Japan’s 3Q23 GDP was revised downward to a 0.7% fall quarter-on-quarter (QoQ), and 2.9% contraction year-on-year (YoY0, which saw a sharper fall compared with the preliminary 0.5% decline QoQ and 2.1% fall YoY.
The drop was primarily due to a shrinkage in consumer and business spending in the quarter. Meanwhile, real wages and household spending kept falling in October amid persistent inflation.
During the quarter, capital expenditure fell 0.4%, which compared with a preliminary 0.6% decline, while a median market forecast for a 0.5% fall.
Official data showed that inflation-adjusted real wages dropped 2.3% year-on-year in October, marking its 9th straight month of decline.
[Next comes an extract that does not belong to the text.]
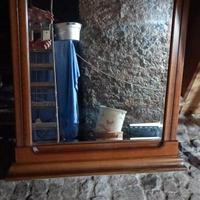 specchio d'arredo con cornice in legno massello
Still, it is higher than the target rate of 2% by the Bank of Japan as the central bank stressed it needs to maintain ultra-low policy rates until it sees a sustainable inflation of 2% along with rising wages.
The Japanese yen continued to strengthen early Friday by nearly 1% against the US dollar as expectations are growing in the foreign exchange market for BOJ to finally give a signal that it will soon relax the ultra-low interest rates policy at the meeting scheduled next week.
Kazuo Ueda, BOJ Governor, noted that once the central bank pulls short-term borrowing costs out of negative territory, it will give several options on the monetary policy.